• Problem to solve
Among the entries below, extract exactly the lines that run from the one with "Sunseeker Superyacht: VIP" through the one with "Family Bathroom", both ends included.

• Recorded data
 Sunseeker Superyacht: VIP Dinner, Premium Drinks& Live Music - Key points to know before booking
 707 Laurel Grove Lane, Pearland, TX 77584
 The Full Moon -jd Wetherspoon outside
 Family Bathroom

* * *

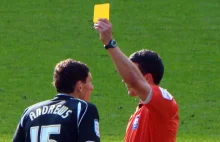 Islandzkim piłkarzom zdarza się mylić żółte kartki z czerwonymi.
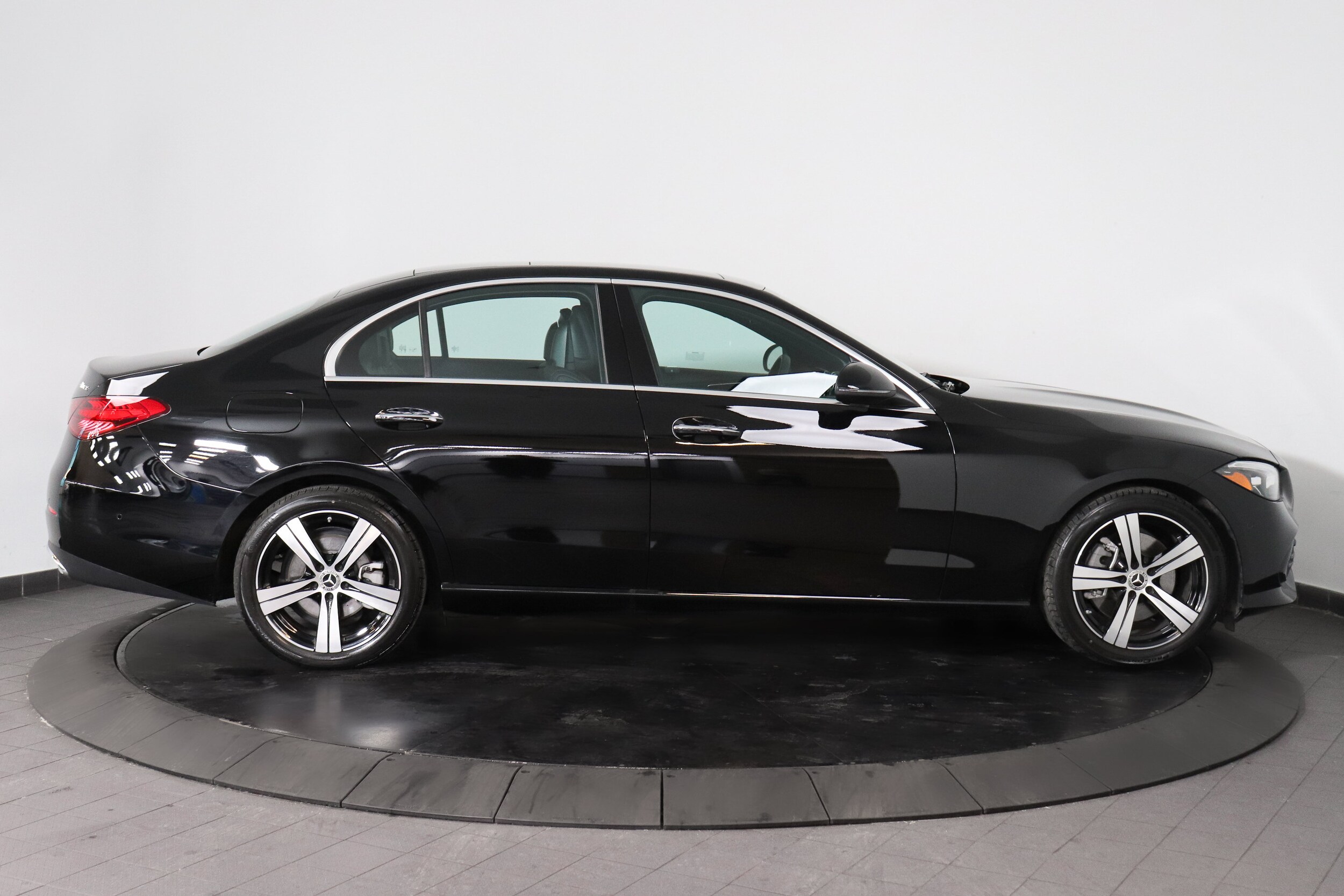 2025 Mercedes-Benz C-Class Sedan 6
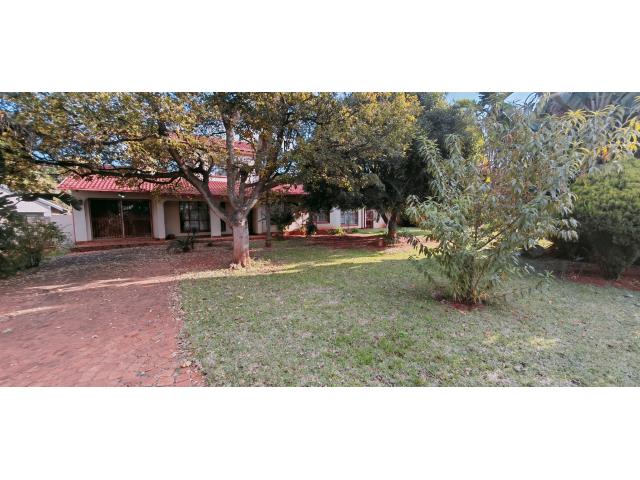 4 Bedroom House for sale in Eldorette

==

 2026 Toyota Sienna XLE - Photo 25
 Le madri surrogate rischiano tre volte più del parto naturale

• Solution for this task
 Sunseeker Superyacht: VIP Dinner, Premium Drinks& Live Music - Key points to know before booking
 707 Laurel Grove Lane, Pearland, TX 77584
 The Full Moon -jd Wetherspoon outside
 Family Bathroom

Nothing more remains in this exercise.